Mobile home parks are a dwindling commodity in Washington. As of Sept. 29, 1,272 parks with 64,898 spaces remained in the state.
Mobile home parks are a dwindling commodity in Washington. As of Sept. 29, 1,272 parks with 64,898 spaces remained in the state, according to the Department of Commerce.
The department’s closure data shows 63 planned closures in the past 10 years, with eight scheduled for 2017 and another six planned to close in 2018.
The problem is that even as parks are closing, new ones aren’t opening, said Ishbel Dickens, a consultant and organizer who has been working with mobile home communities in the Seattle area for the past 30 years.
Dickens refers to mobile home parks as “gated communities for low-income families” because they’re safe and provide a sense of community and collectivism. Preserving them is a critical element to preserving housing affordability and homeownership, Dickens said.
“We’re not trailer trash, we’re homeowners,” Dickens said. “We are part of the fabric of the community, and when that quilt is torn apart, it cannot be patched back together.”
Options for the Firs community moving forward are limited. A court battle extended the amount of time they have at Firs until February of 2018, and they hope to use the extra months to find a way to stay and make backup plans in case they must move.

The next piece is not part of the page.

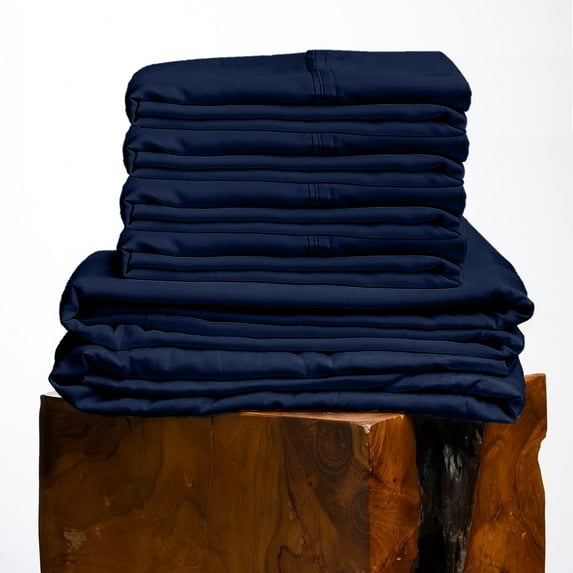 500 Thread Count, 100% Giza Egyptian Cotton Bedding Set, 6-PC Sheets Set, 30 Inch Deep Pocket of Fitted Sheet, Soft Sateen Weave Breathable - Navy Blue, Short King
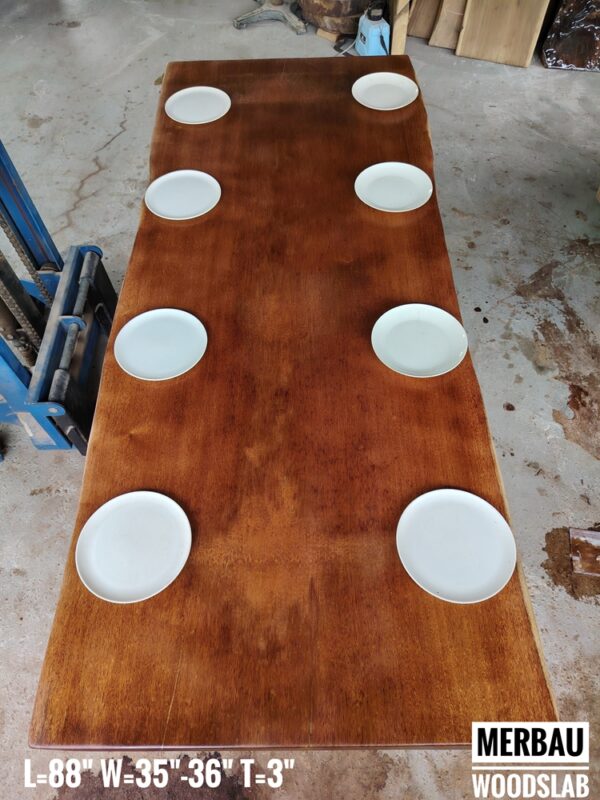 018 (2) 7ft x 3ft - 8 Seater - Merbau Solid Woodslab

Patsy Ware has lived in Firs since 1971. She goes to Angle Lake Mobile Home Park most nights to make dinner with her partner and watch football when it’s on. Ware doesn’t know what she’ll do if the residents can’t find a way to stay in place, and she worries for her health.
“I’m hoping that an organization that’s a nonprofit will contact us, buy the park from the owner, let us stay there, let the kids finish their education in the Highline district,” Ware said. “I hope a nonprofit will come in and be our guardian angel.”
This article has been updated to clarify Campbell's comments on the use of the hotel tax.